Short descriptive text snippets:
[Start of section]

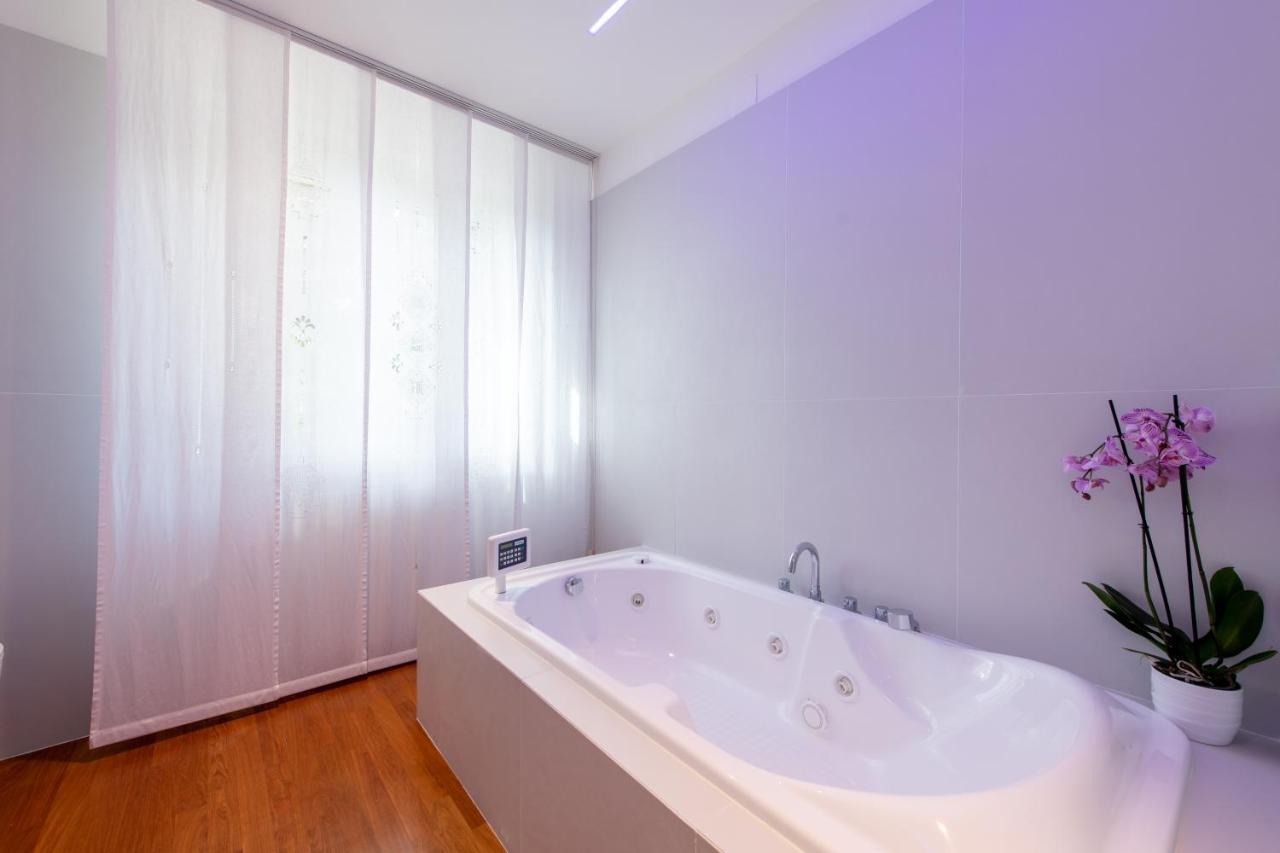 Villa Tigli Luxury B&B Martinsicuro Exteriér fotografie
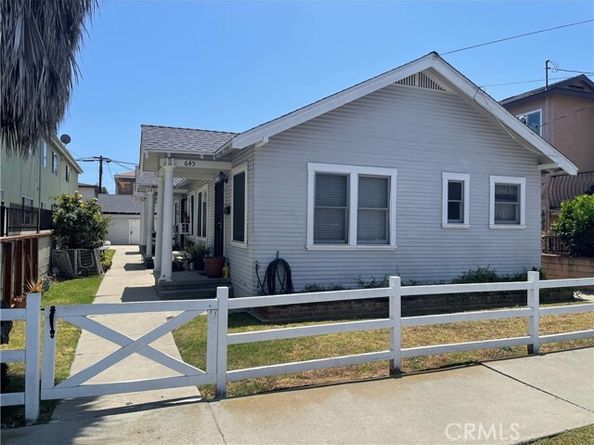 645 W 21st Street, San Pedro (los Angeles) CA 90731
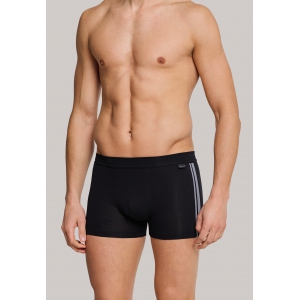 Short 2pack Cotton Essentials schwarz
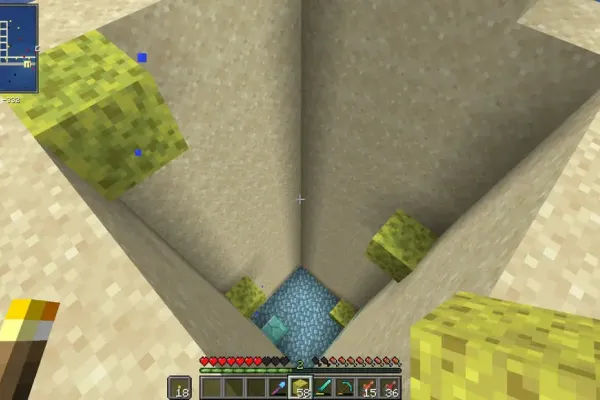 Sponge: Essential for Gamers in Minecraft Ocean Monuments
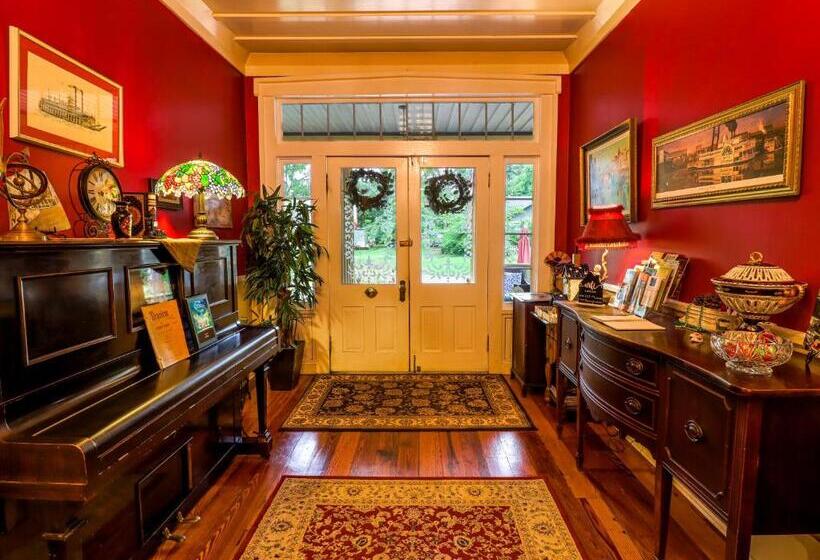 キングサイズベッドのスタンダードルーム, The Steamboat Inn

[End of section]

Every line above should be reproduced exactly, please, with no pictures included.

■ Solution to this exercise:
 Villa Tigli Luxury B&B Martinsicuro Exteriér fotografie
 645 W 21st Street, San Pedro (los Angeles) CA 90731
 Short 2pack Cotton Essentials schwarz
 Sponge: Essential for Gamers in Minecraft Ocean Monuments
 キングサイズベッドのスタンダードルーム, The Steamboat Inn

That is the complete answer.